Na obra de DeLillo, é preciso que se diga, há espaço para que esses assuntos todos se desenvolvam com mais calma, de forma mais espaçada, o mesmo valendo para os personagens, que são muitos. O divertido e excêntrico Murray (Don Cheadle) - figura cheia de boas e exóticas tiradas -, o melhor amigo do protagonista Jack Gladney (Adam Driver), se torna alguém tão secundário, que ele quase se perde em meio às dezenas de corredores do supermercado que ambos frequentam em seus momentos de folga - e me recordo como era prazeroso ler as várias páginas em que ambos divagavam longamente no livro de DeLillo. O que servia não apenas para evidenciar a complexidade dos seres humanos - com seus medos, anseios, desejos, inseguranças e frustrações - mas para também dar um direcionamento muito mais existencialista para as temáticas apresentadas que, aqui, viram apenas veículo para (pasmem) piadinhas bobas, que nem parecem se sustentar no mundo real (e ver um professor universitário estudioso de Hilter seguindo um carro com uma placa de exaltação à cultura armamentista gera apenas constrangimento).

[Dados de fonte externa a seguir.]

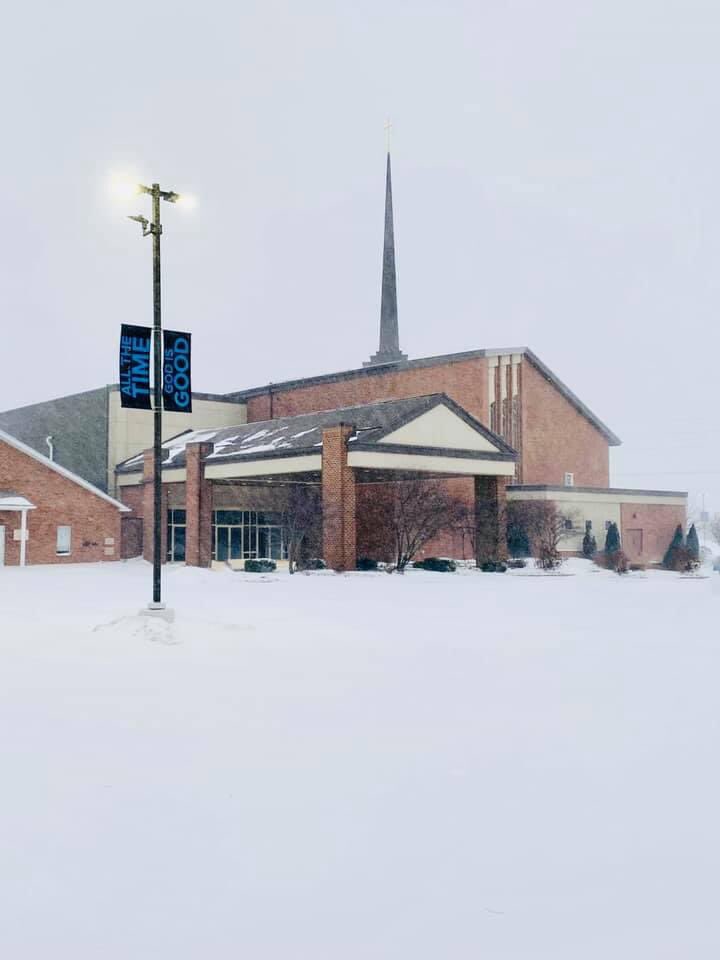 Churches should never apologize for having high standards for membership.  Great teams require dedicated players.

Aparentemente confuso para quem não leu o livro e apressado para quem leu, o resultado é, como resumiu a Revista Time em sua resenha, um trabalho que "tem muita conversa, mas pouco a dizer". Há um riso no texto de Delillo que fica meio que por baixo, que não é explícito - a gente sabe que tem sátira ali, mas ao mesmo tempo também levamos a coisa mais a sério, afinal, quem não tem medo da morte? Com uma caracterização embaraçosa, Greta Gerwig e sua Babette - a esposa de Jack - desaparece em uma existência monótona, de uniformes de corrida e de filhos que falam sobre assuntos casuais (aliás, algo insistentemente longe da realidade), para ali adiante divagar sobre como "a vida é boa" e sobre como ela deseja morrer antes do marido. No livro há mais elipses para que esses instantes de divagação sejam melhor processados, condensados, enriquecidos em sentido. Aqui resultam apenas em aborrecimento expositivo, que provém de uma família sem personalidade - os filhos são muitos, meio iguais e, por Deus, FALAM MUITO - e que tenta, de toda a forma, informar na desinformação. Nas frestas, nos cantos. A aceleração, aliás, faz com que o aspecto mais comovente do livro de DeLillo também se perca: o de como nos refazemos após eventos traumáticos. Como lidamos com seus efeitos colaterais, em meio a incerteza perturbadora sobre o futuro. Ainda que tecnicamente eficiente - o desenho de produção, por exemplo, é excelente - fica tudo num vácuo, num liquidificador imenso. Que bate muita coisa, mas entrega um suco sem sabor.